While goals can be useful, they can also hinder you and your enjoyment if your expectations are too high or not sufficiently met. What, then, is the middle ground? There are often many things that I want to do and see when I travel. If I don't go to a certain museum or eat a certain food or visit a certain landmark, my trip isn't ruined. But how do you manage that disappointment if it still (irrationally) exists? (Especially when your thoughts head down the path of "I'll probably never come back here again" and "This is--was--likely my only chance to do x or see y.") I am prone to thinking that way. However, if you have no expectations, you may miss out on a lot of things; you might not really plan your trip or might later learn of unique experiences or breathtaking views that you could have experienced but failed to make happen. I've thought a lot about this because I often tend to obsess over small things, rather than be flexible and accept what is. But in the end, a trip is much more than the things you see and do.

Our cab driver this morning [in Zagreb], from the hotel to the train station, asked us, "Why are you going to so many places? Most people just go to one place and relax." I guess it's true--vacations where you're on the move a lot are less relaxing, especially if you're still planning while traveling. But, in reply, I told him that when you have to cross an ocean, it can be worth it to go to multiple cities! I guess it just depends on the trip.

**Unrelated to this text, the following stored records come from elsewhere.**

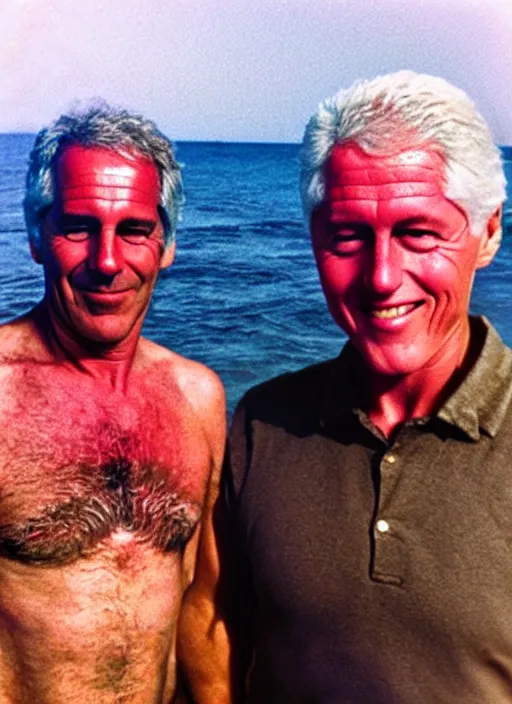 Prompt: polaroid of jeffrey epstein and bill clinton on an island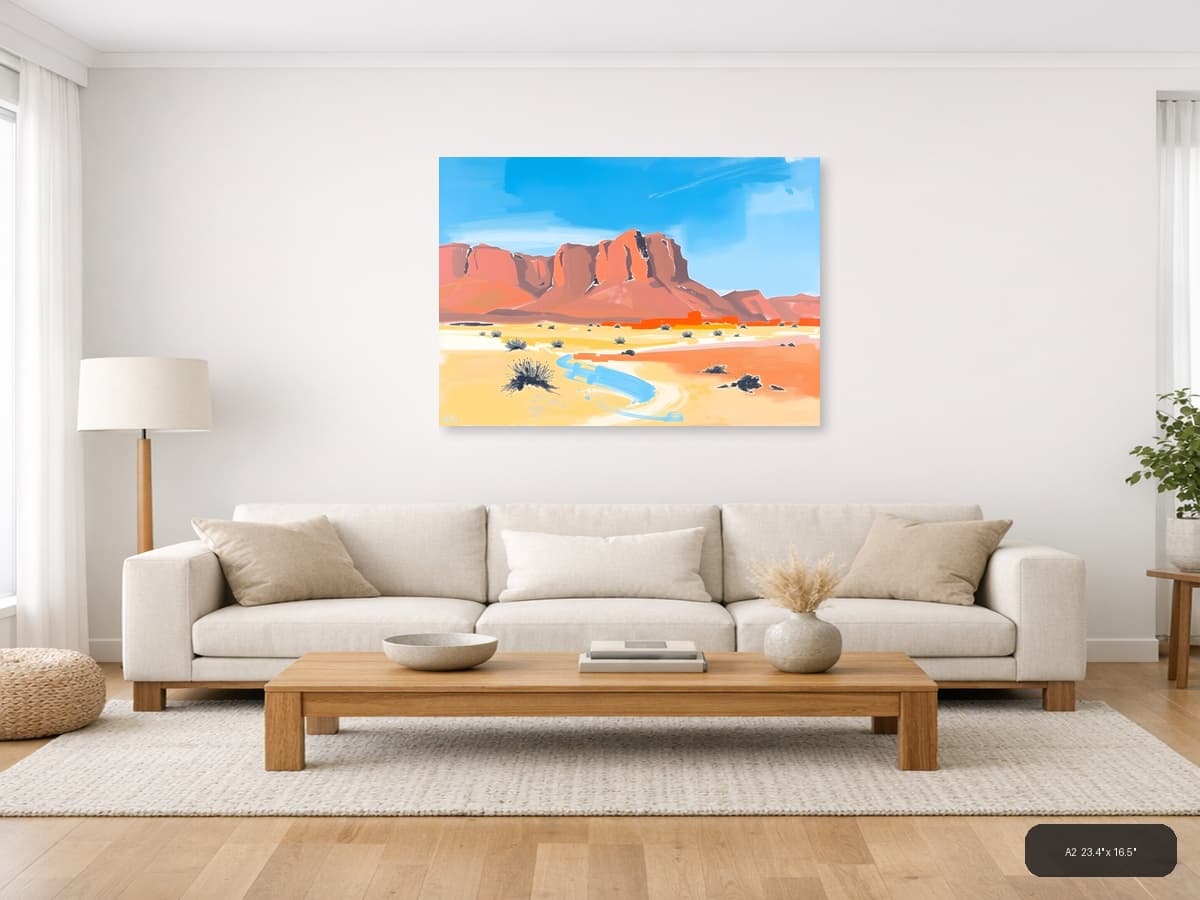 Abstract Desert Landscape with Red Rock Formation Wall Art shown in a room setting at A2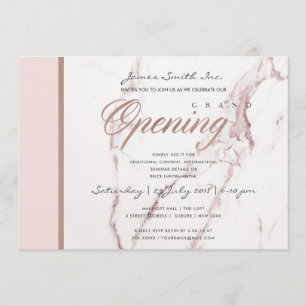 BLUSH PINK ROSE GOLD MARBLE TEXTURE GRAND OPENING INVITATION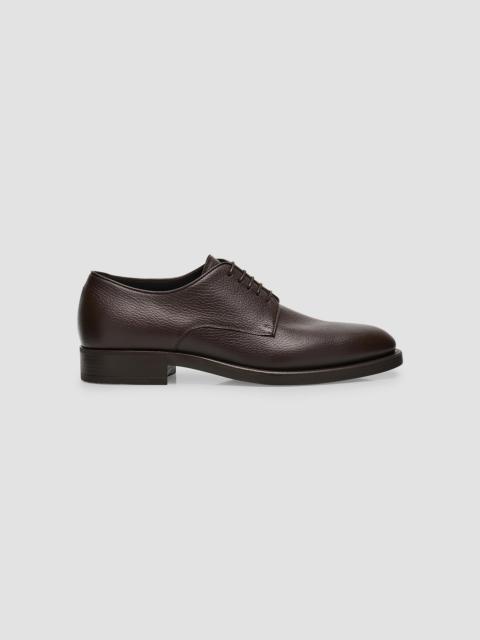 GIORGIO ARMANI Men's Grain Leather Rubber-Sole Derby Shoes - Dark Brown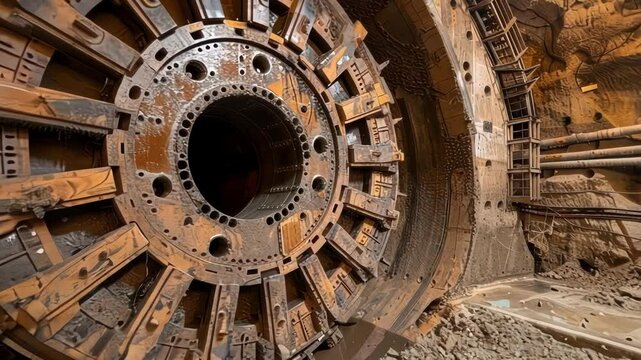 A tunnel boring machine with its giant spinning drill heads slowly carving out the path for the subway tunnel.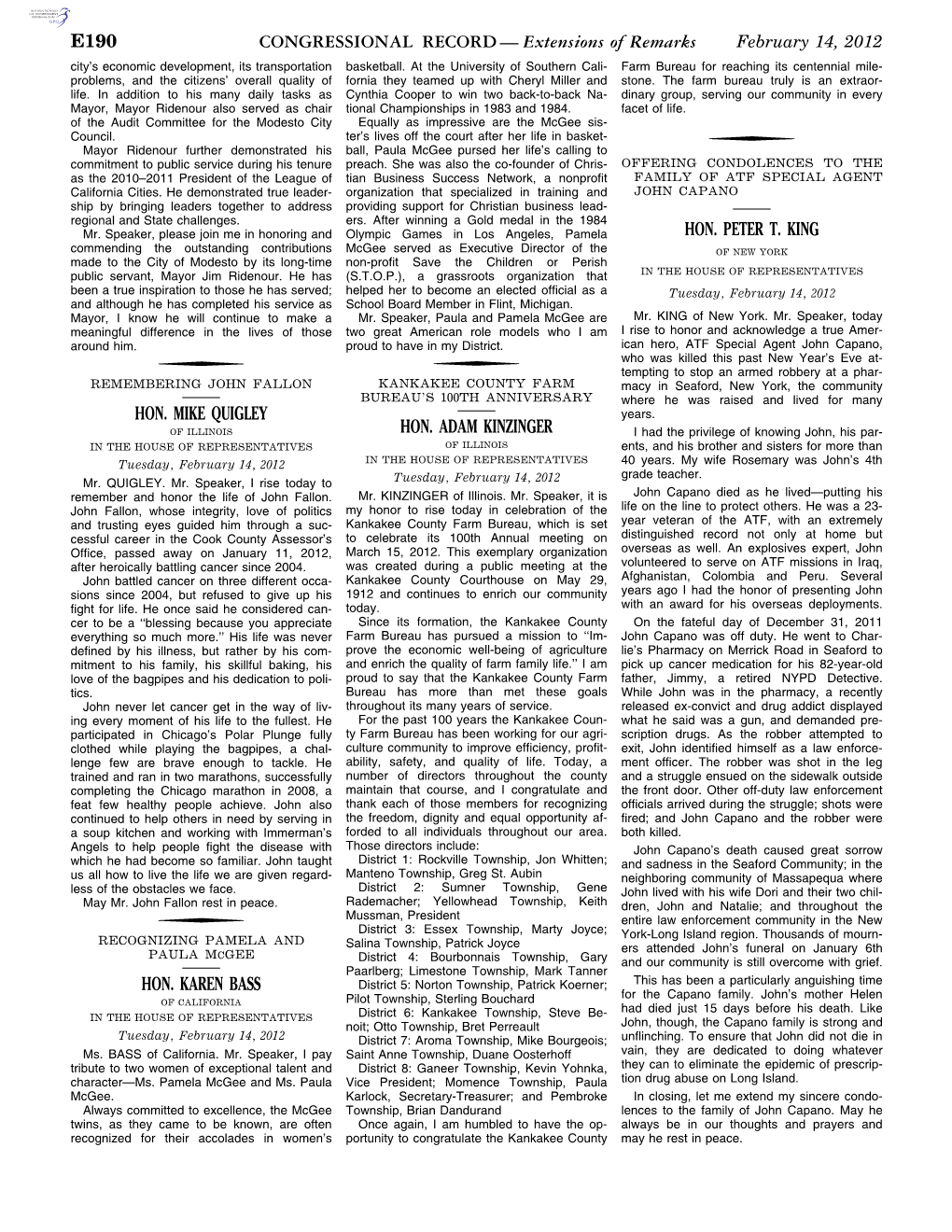 CONGRESSIONAL RECORD— Extensions of Remarks E190 HON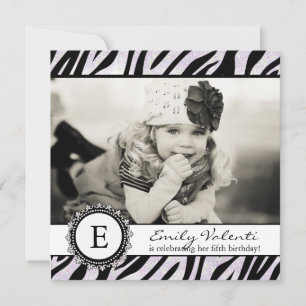 Classy Zebra Birthday Party Invitation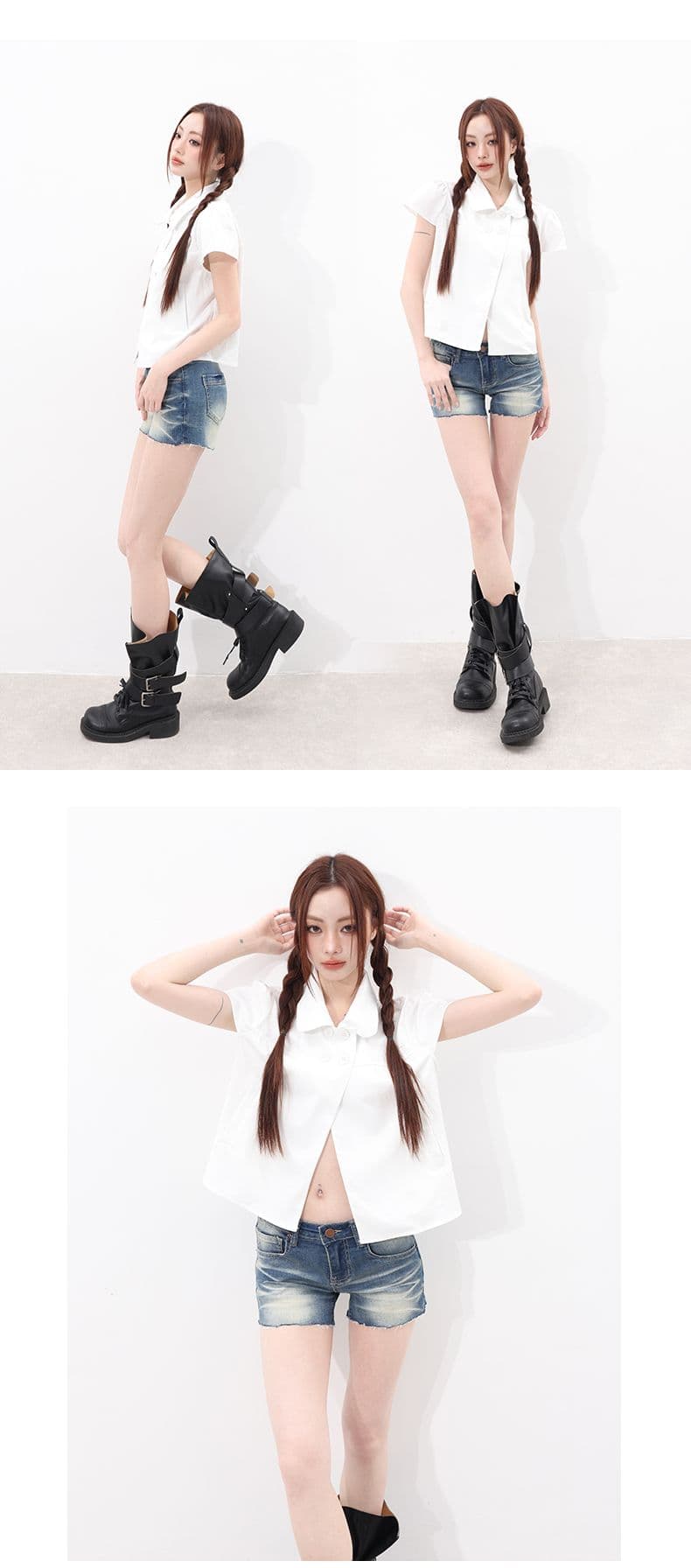 계절 신제품 소녀 와 성별 fitcheck 여름 편안함 인생 센스 자연 수계 데님 상세 이미지 6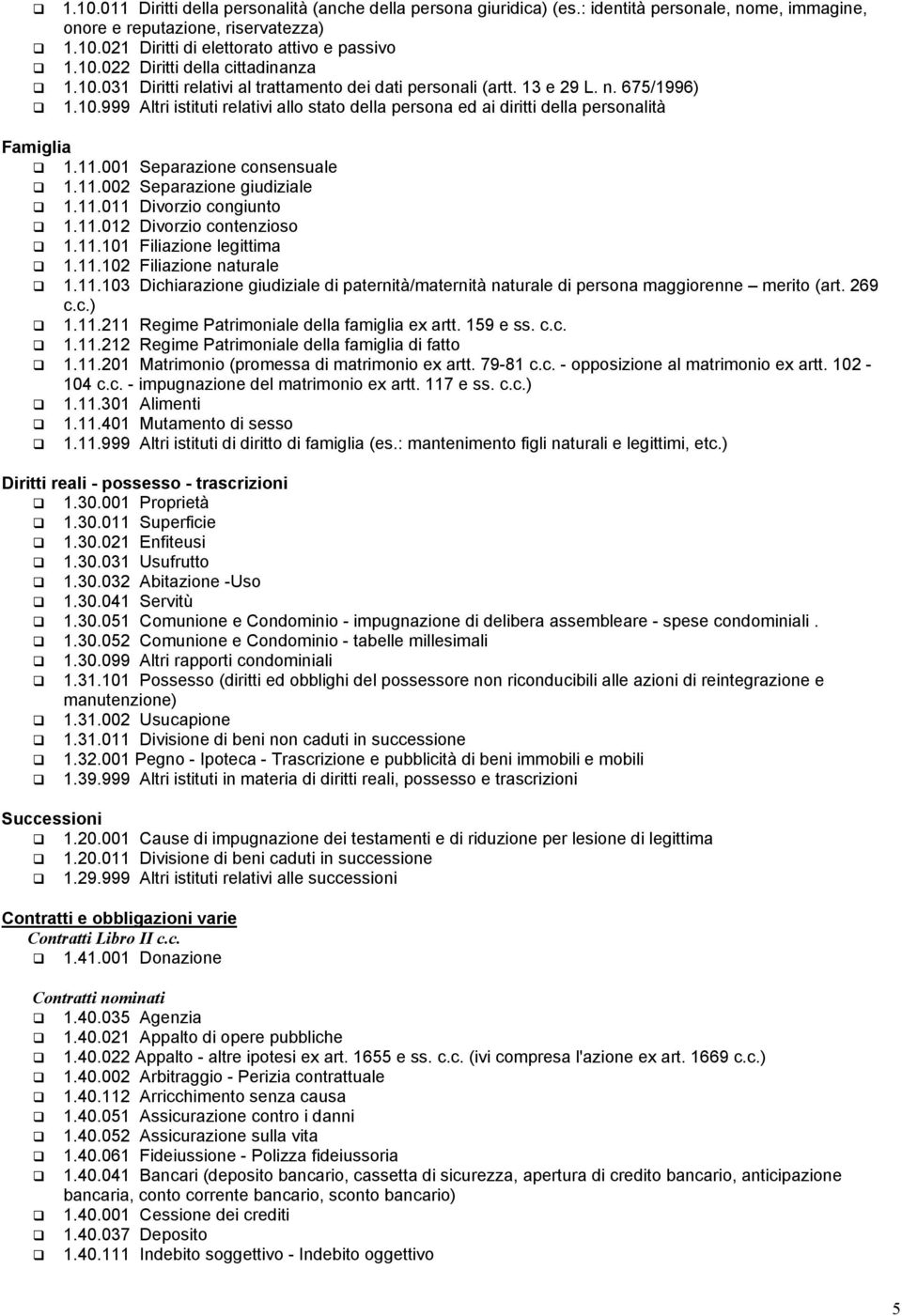 001 Separazione consensuale 1.11.002 Separazione giudiziale 1.11.011 Divorzio congiunto 1.11.012 Divorzio contenzioso 1.11.101 Filiazione legittima 1.11.102 Filiazione naturale 1.11.103 Dichiarazione giudiziale di paternità/maternità naturale di persona maggiorenne merito (art.
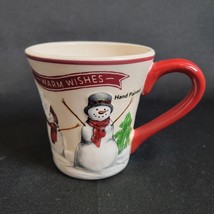 St. Nicholas Square Yuletide Mug “Warm Wishes” Snowman Christmas Mug Cof... - $9.89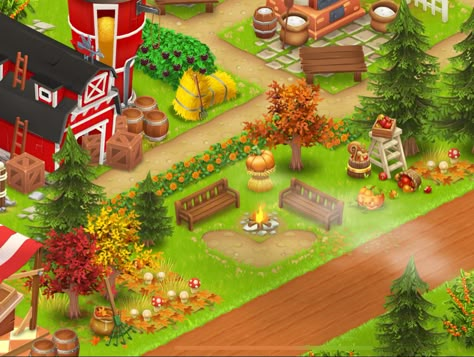 Fall Hay Day Farm, Hay Day Farm Design Ideas Fall, Hayday Farm Design Fall, Fall Hayday Farm, Hayday Pet House Design, Hay Day Fall Design, Hayday Animal Layout, Hayday Autumn Design, Hay Day Autumn Design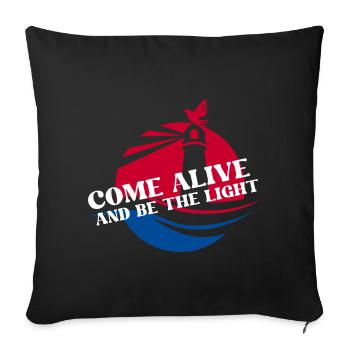 Soyez la lumière – Christian - Housse de coussin décorative 45 x 45 cm - noir - Devant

In Croatia, I had really wanted to visit Plitviče National Park, which is full of waterfalls and lakes. A friend had told me about it and the pictures of it looked amazing. But as Stu and I planned out our travel within Croatia (while already in the country), it started to seem less and less like a reasonable and efficient thing to do. Plitviče was 2.5 hours by car/bus from Zagreb and farther from Split. We considered renting a car from Split to Zagreb--rather than taking the bus or train--and stopping at Plitviče on the way. But renting a car seemed expensive. And what if something happened on the road? (At least we could both drive manual!) I had also thought we could do it as a day trip from Zagreb. But then we realized we really only had one day and one evening in Zagreb when you factored in inter-city travel, and that would mean another day where we spent a good part of it in a vehicle. So, in the end, we didn't go to Plitviče. I was disappointed then, but now it seems like I was crazy to think that we could have crammed that into our trip! You have to make trade offs and adjust expectations (and negotiate with a brother who is more practical than you are!) and realize that there is more to a vacation than checking something of your "to see" list. Logistics, reasonableness, expense, and more all factor in. Having good company and enjoying the moment are also very important parts of a trip. . . . And who knows, maybe one day I'll go back to Croatia and see those waterfalls!

While on this trip, I pondered the difficult balance between, on the one hand, planning and having things that you really want to do on a vacation and, on the other hand, being flexible and not being super disappointed if you don't do those things or accomplish your initial goals. When you travel with someone else, you also have to be mindful of their goals and realize that compromise is crucial. Being accommodating might mean you don't see that last place on your sightseeing list, but it will improve the overall trip experience and relationship.

So, readers, what do you think? What is the balance between managing expectations yet still having them? Is it better to have some expectations? Or not at all? How much does that overlap with doing more pre-trip planning? And does it depend on your trip's purpose--which may even change while you travel?!